Saturday, February 03, 2018

just in case

In case you haven't noticed, there is a difference between schooling where you sit in a lecture hall, listening to a professor go on and on on some subject, and actual life which is infused with sensory information. Human beings are multi-sensory. We have arms, legs, hands, eyes, ears and bodies, that crave engagement in the real world, and schooling, rather than isolating us from the real world, could instead be designed to assist in multi-sensory engagement to simultaneously meet all learning styles for all students.

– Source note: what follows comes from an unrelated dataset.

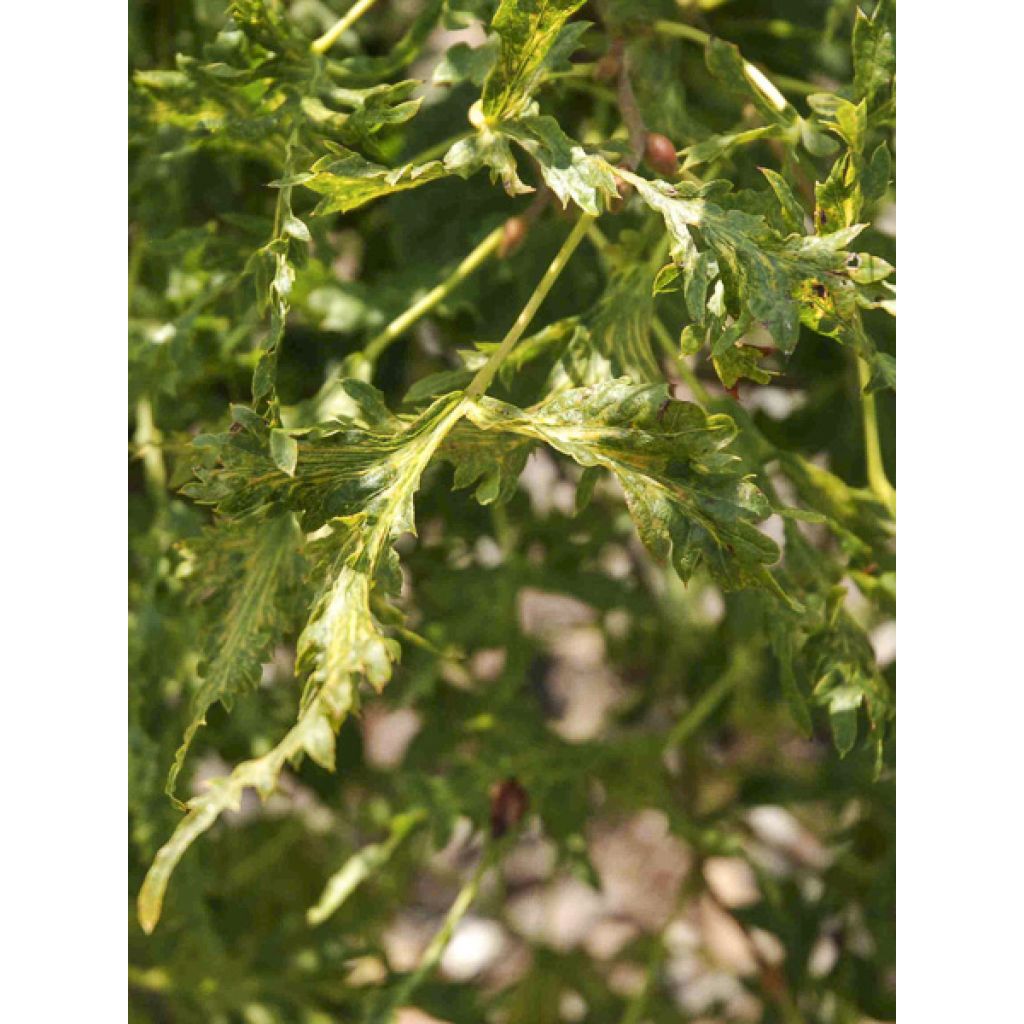 Tilleul hybride - Tilia x platyphyllos Henryk Eder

Howard Gardner maintained that we learn in a variety of styles engaging various senses, and that most of us lean upon one sense more than others. Gardner identified these as being particular "intelligences." Followers of Howard Gardner have attempted to follow a check list of learning styles to make sure that student needs are met. That forces the teacher to develop strategies that tend to feel artificial or contrived. Far simpler is to just do real things. When you work in a wood shop, all the senses are engaged, so let us use that as our example. You walk in the shop at Clear Spring School and first you smell wood. Then the rest of the senses fall into useful place, assuring the student of the reality of schooling and his or her reality in the educational process.

Schools can become places of engagement and creativity, and the whole world needs that to happen.

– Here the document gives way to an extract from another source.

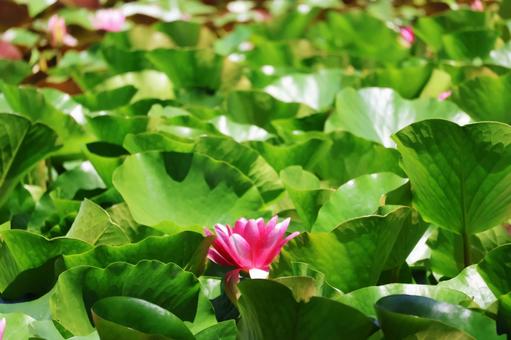 Water lilies in Hachironuma Park 4, JPG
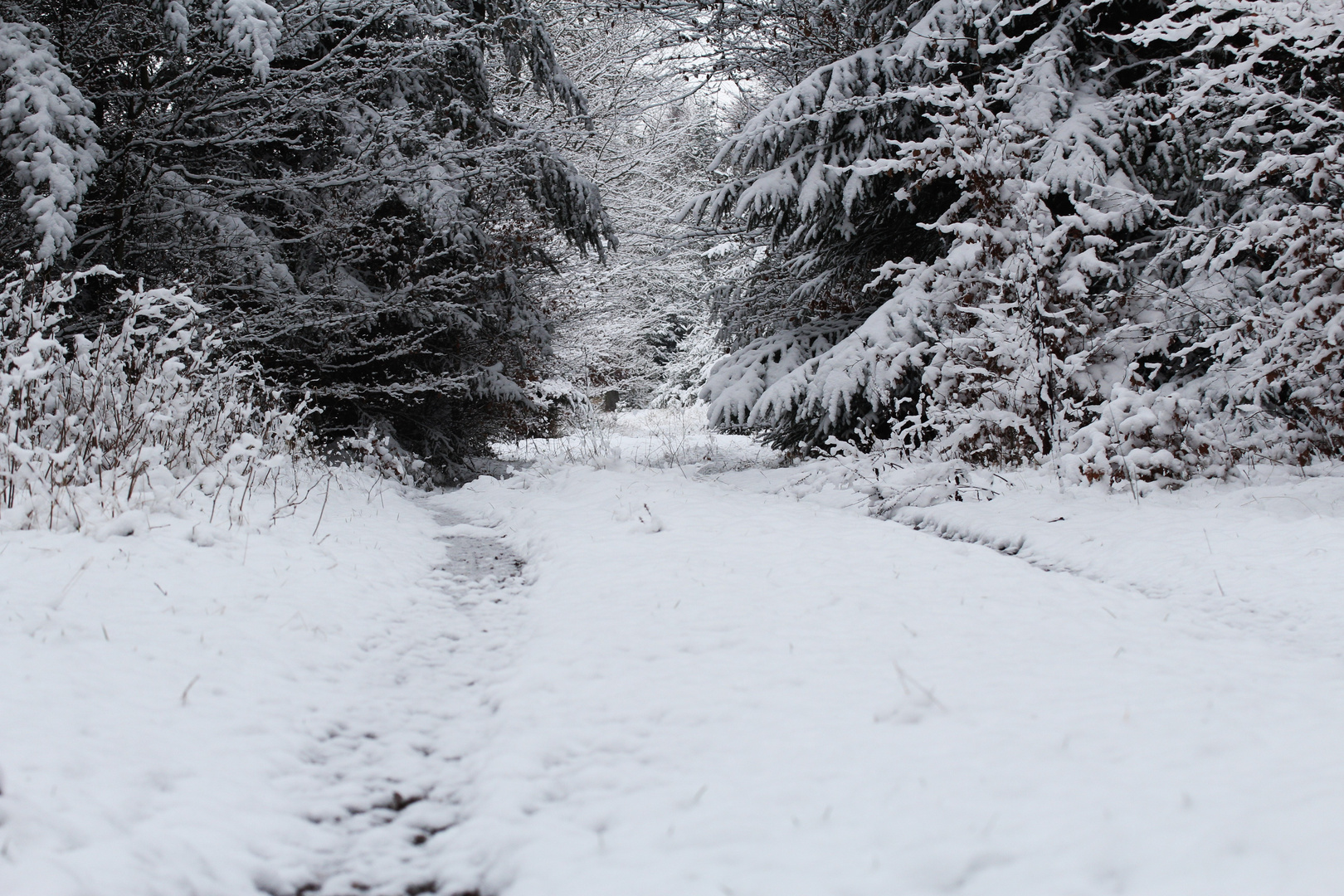 endlich Winter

Small towns (and small neighborhoods) in the US have suffered from a strategy of extraction, through which the best and brightest students (measured by academic standards) are extracted and removed to a system of universities so that their talents can standardized and be hauled away. That may appear to be a good thing for the students involved, but is not so good for the communities involved. Having the opportunity for students to use the Eureka Springs School of the Arts as a degree pathway as we plan, will be a wonderful way to meet learning needs at home. It may also serve as an example of what all schools must become... places in which student's lives are shaped by doing real things in service to community.

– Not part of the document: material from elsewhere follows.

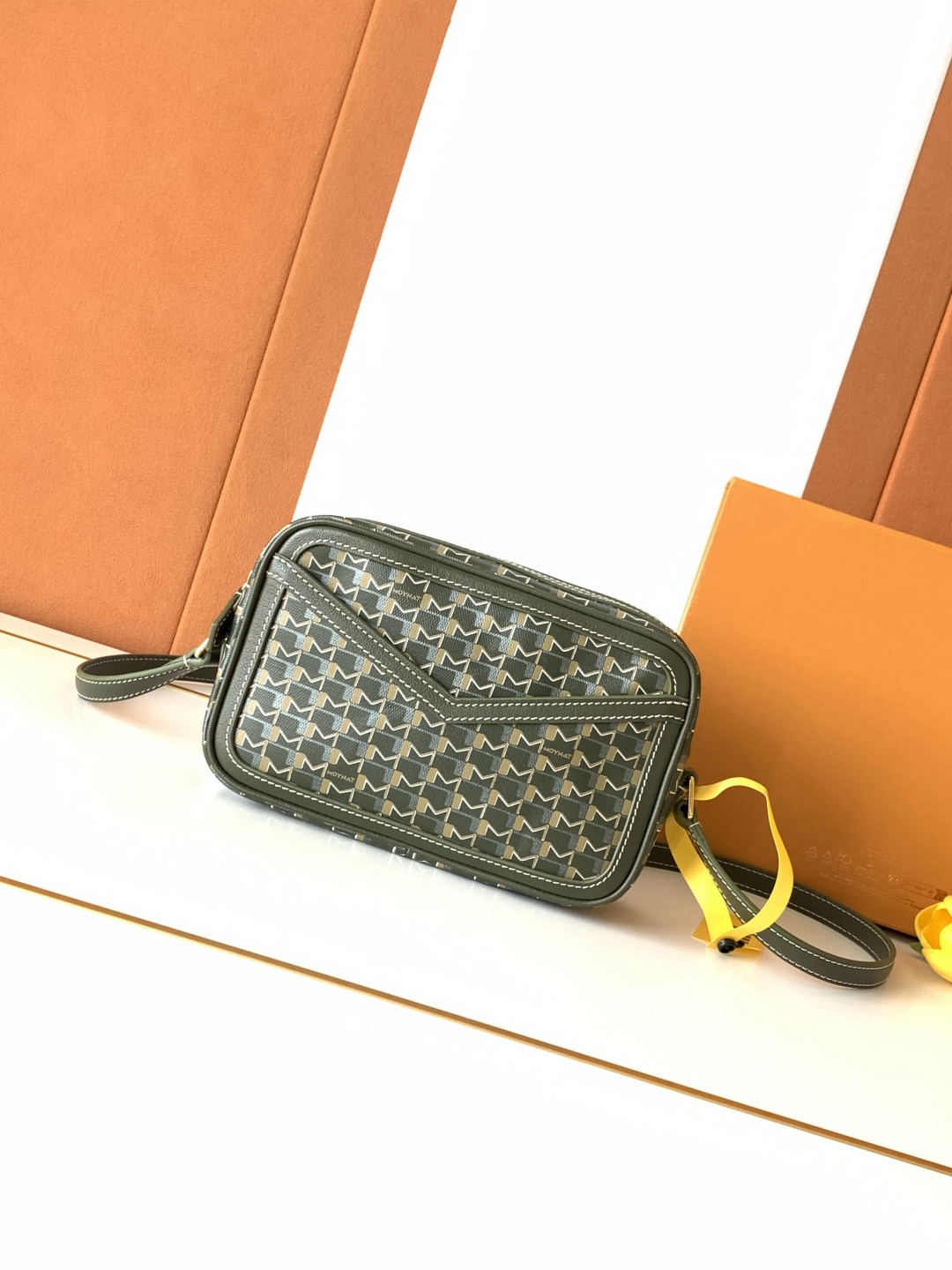 Moynat Camera Bag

Yesterday in Little Rock I was part of a panel to select the 2018 Arkansas Living Treasure, an award from the Arkansas Arts Council that I was selected to receive in 2009. The award is granted on the basis of artistic merit, and service toward the perpetuation of traditional crafts, using a system of assigned points. We arrived at a unanimous decision that will be announced a bit later in the year.

Make, fix, create, and assist others in learning likewise.